Vigilants, les membres du collectif « Manich Msemah », qui mène une campagne contre les velléités d’amnistie de la corruption sous l’ancien régime, a attiré notre attention sur le fait que l’article 7 du projet de loi de réconciliation économique, non encore examiné par les députés, est quasi identique dans ses alinéas a, b, et c à l’article 61 de la loi du budget 2016 en cours d’examen à l’Assemblée des représentants du peuple.


Ainsi l’article 7 de la loi de réconciliation stipulait que « l'amnistie sera accordée aux infractions de change commises avant l’entrée en vigueur de cette loi, telles que citées ci-après :


a.) La non-déclaration des biens à l'étranger,


b.) Le non-rapatriement en Tunisie des revenus et gains mentionnés dans le paragraphe


« a » cité ci-haut, et les gains de change, et le non transfert de ces montants comme le prédisposent les formalités en vigueur.

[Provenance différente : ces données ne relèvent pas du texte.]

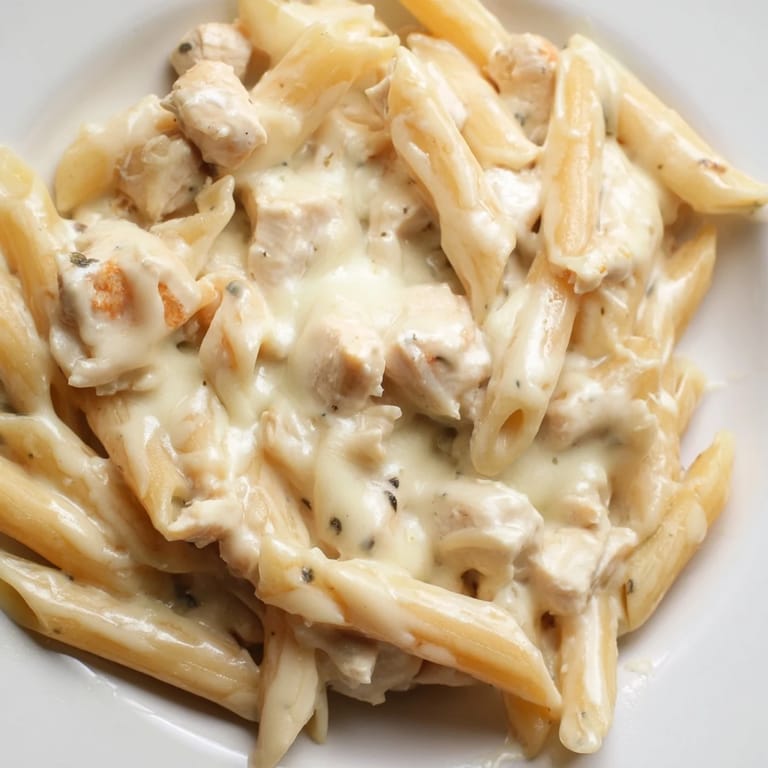 Gooey mozzarella topping on a comforting Chicken Alfredo Casserole, fresh from the oven and ready to serve.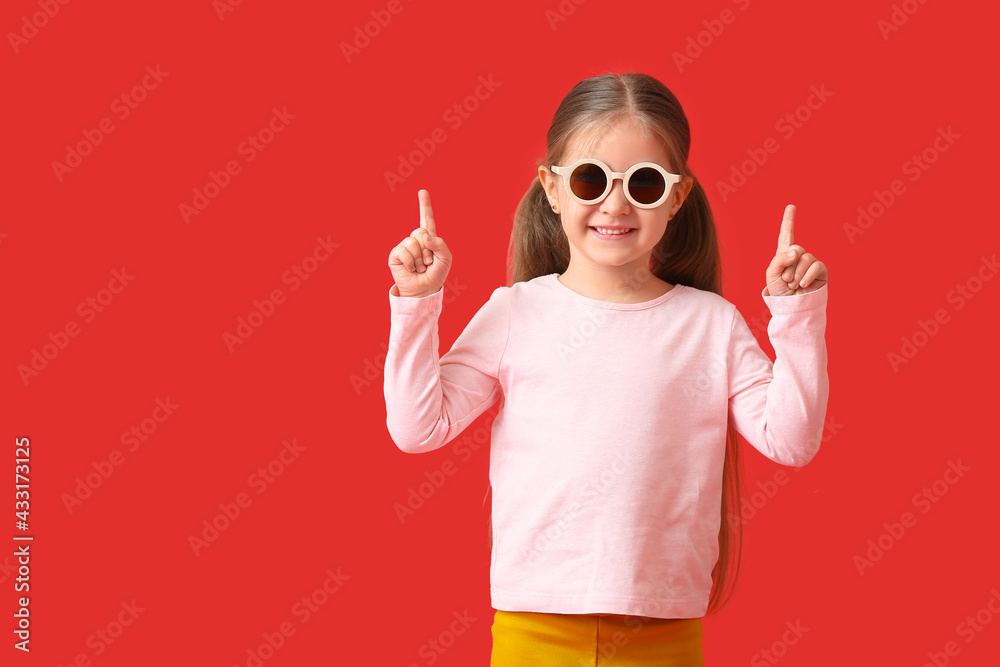 Cute little girl wearing stylish sunglasses and pointing at something on color background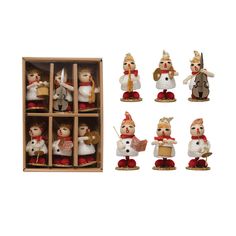 a bunch of small figurines in a wooden box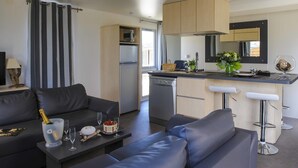 A modern living room with a sofa, a dining table with a bottle of champagne, and a kitchen area with a refrigerator, dishwasher, and bar stools. - Camping Le Clos du Rhône (Saintes-Maries-de-la-Mer)
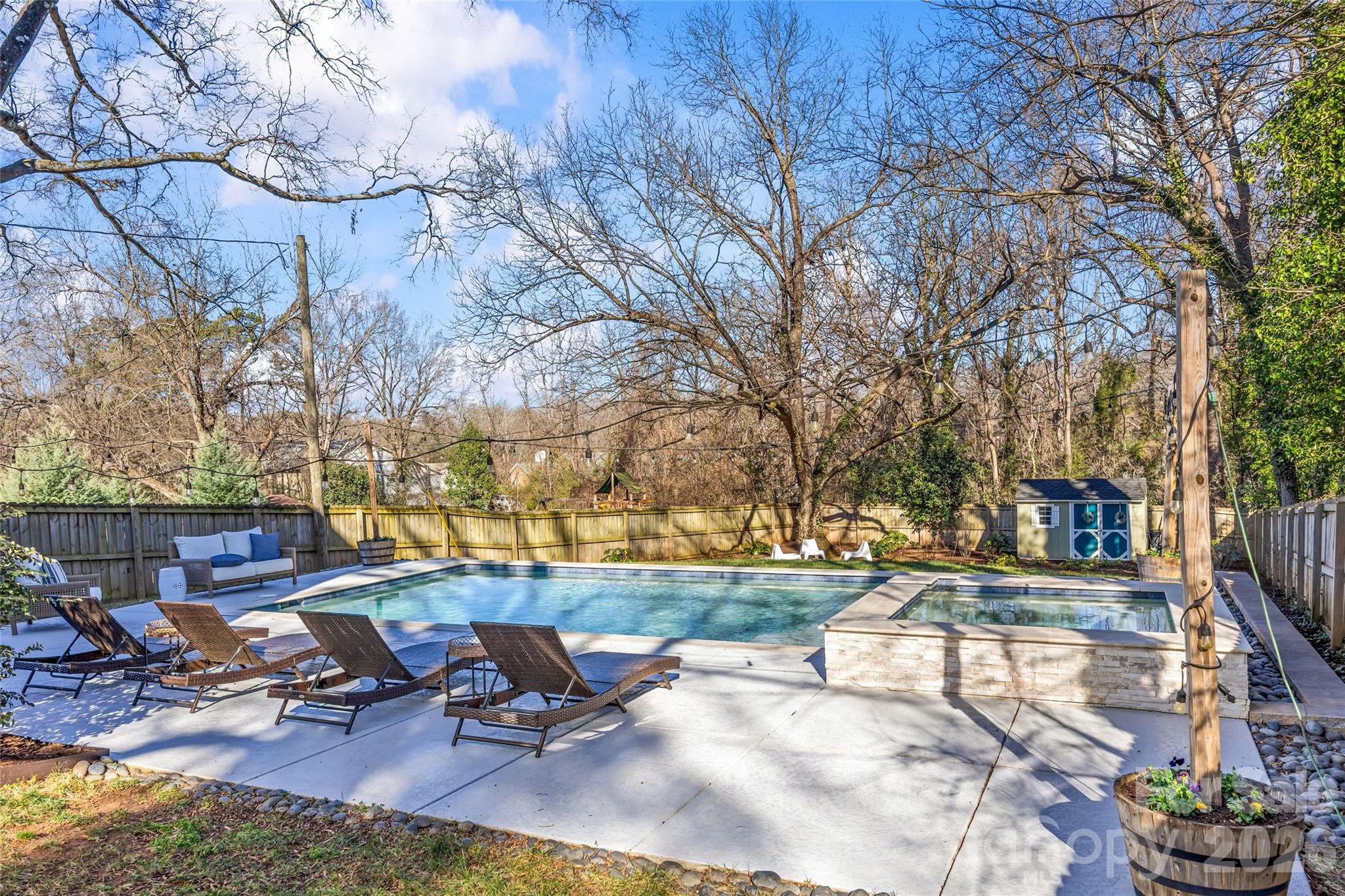 1728 Burgin Street Charlotte, NC 28205 - Photo 36 of 43 a view of a swimming pool with a patio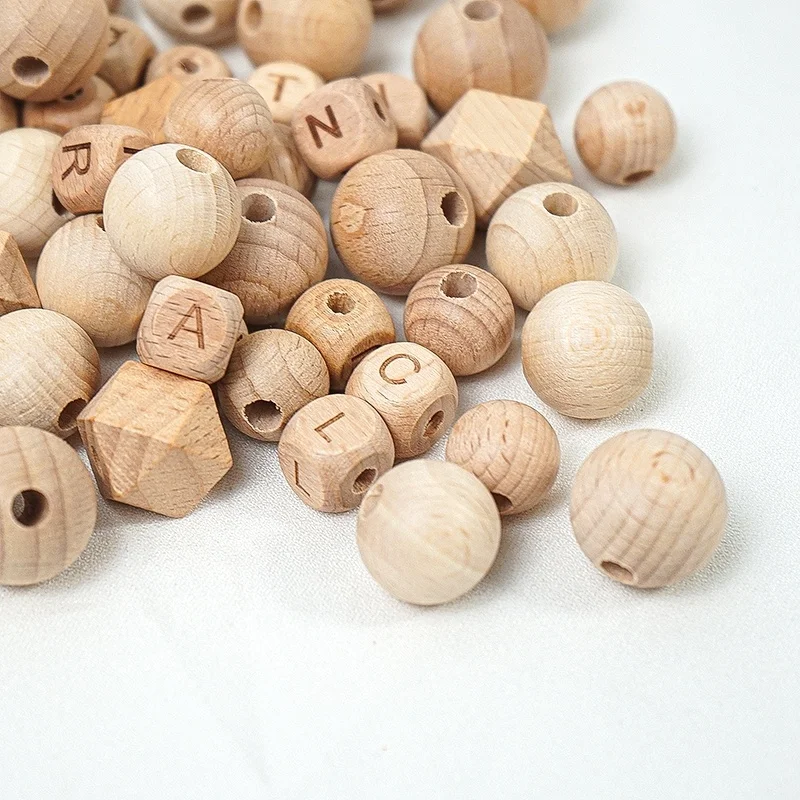 

Wholesale Loose Beech Wood Ring Wooden Round Beads Teething For Jewelry Making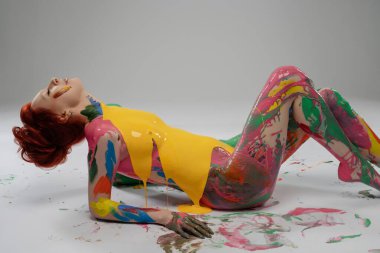 Tarafsız bir arkaplana yaslanan bir kadın, vücudu renkli boyalarla kaplı, yaratıcı bir gösteride sanat ve güzelliğin bir karışımını sergiliyor..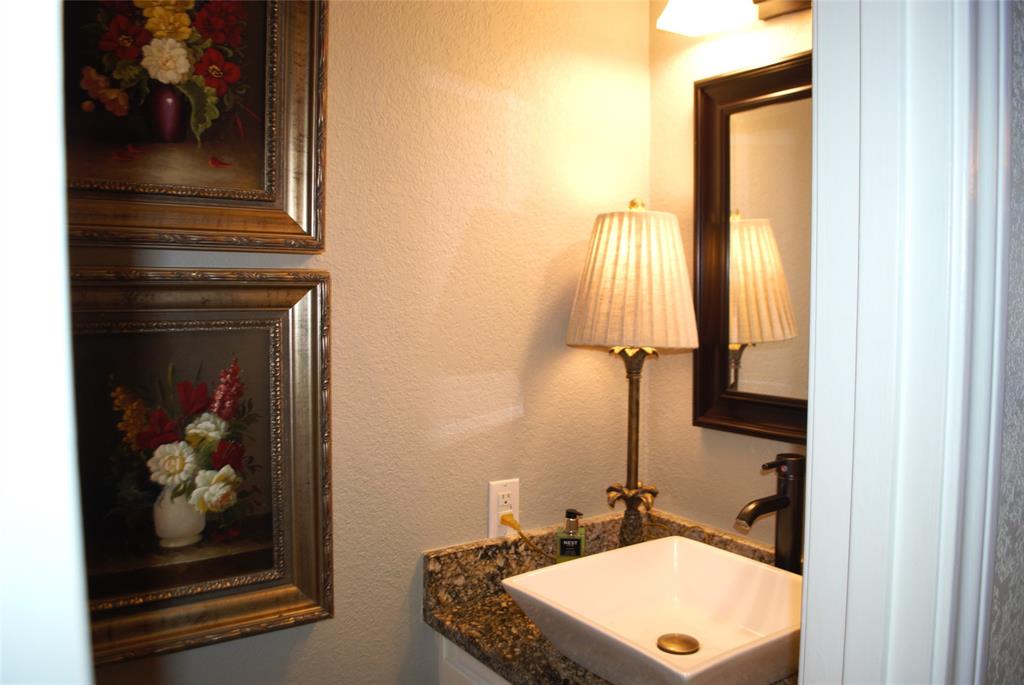1349 Roaring Springs Road Fort Worth, TX 76114 - Photo 12 of 30 Downstairs Half-Bathroom with vanity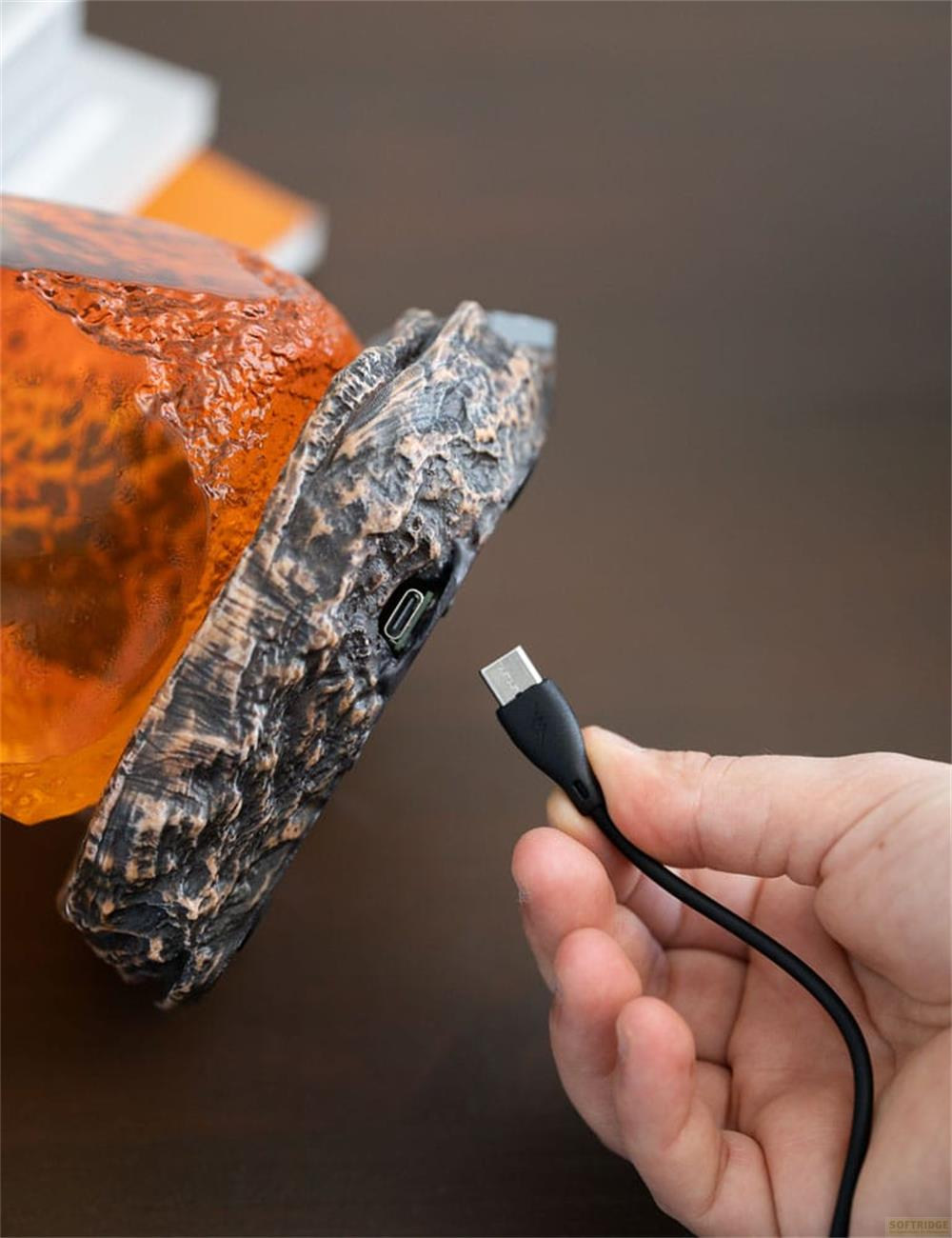 Mano inserta cable USB-C en objeto naranja texturizado como piedra.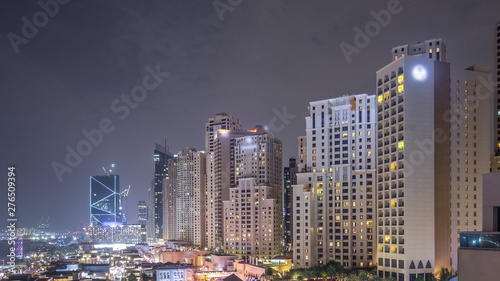 Aerial view of beach and tourists walking in JBR with skyscrapers night timelapse in Dubai, UAE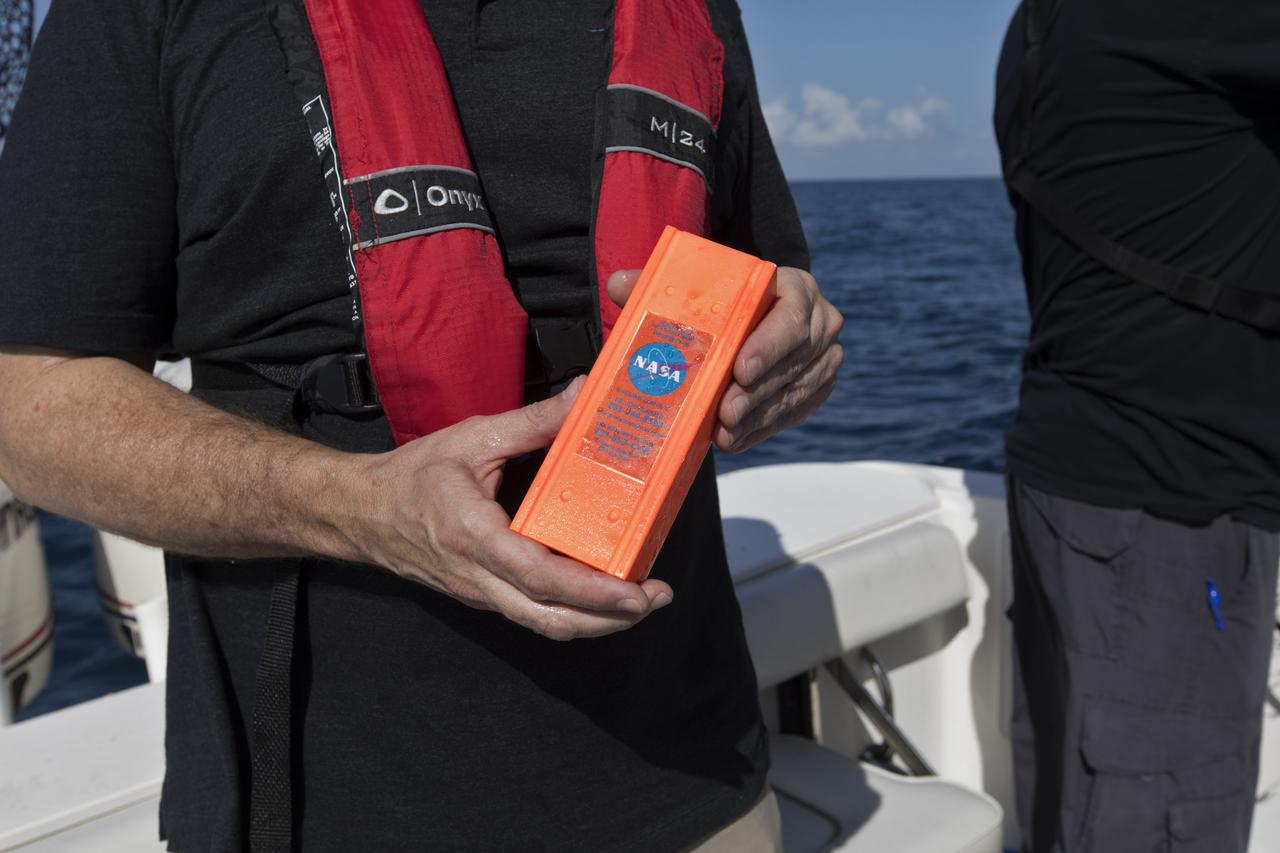 Members of the Ascent Abort-2 (AA-2) Flight Test team perform a drop test of data recording devices about 10 miles off the coast of NASA’s Kennedy Space Center in Florida on Wednesday, Aug. 8, 2018. These devices, called Ejectable Data Recorders (EDRs), were tossed out of a helicopter hovering 5,000 feet over the Atlantic Ocean and retrieved by recovery boats. The AA-2 Flight Test team is evaluating how the systems in the devices react to elements encountered from the sky to the ocean. In April 2019, the EDRs will eject from the Orion test article during a scheduled test of the spacecraft’s Launch Abort System (LAS).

c.) La détention de billets de banque de monnaies étrangères en Tunisie et leur non-dépôt auprès d’un intermédiaire agréé et le non-transfert de ces devises à chaque fois que les dispositions en vigueur le dictent.


L’amnistie couvre également les infractions fiscales relatives à la non-déclaration des chiffres d’affaires et bénéfices liés aux profits et monnaies visées aux paragraphes "a","b" et "c" ci-dessus, contre toute sanction prévue dans la législation fiscale en vigueur.


 


Hormis le premier paragraphe de l’alinéa « c » relatif à la détention illégale de devises étrangères, cette partie est reprise telle quelle dans le projet d’amnistie fiscale proposé par le député président du bloc Nidaa Tounes, Mohamed Fadhel Ben Omran, qui affirme que « l’introduction de cette disposition dans le projet de la Loi de finances 2016 permettra au gouvernement de mobiliser des ressources financières additionnelles et donc d'alléger les charges fiscales du contribuable ».


Cela relève-t-il de l’opportunisme d’une politique de droite ou cynisme d’une manœuvre de passage en force ? Tout porte à croire que le projet de loi présidentiel de réconciliation économique étant tombé aux oubliettes, ajourné sine die, nous sommes face à une amnistie fiscale sous forme de succédané de l’ancien texte, dont les objectifs ont été révisés en vue de garantir des minimas de gages de l’Etat vis-à-vis de certains hommes d’affaires. Pour autant, nul ne peut garantir qu’ils renverront l’ascenseur en réinvestissant en Tunisie.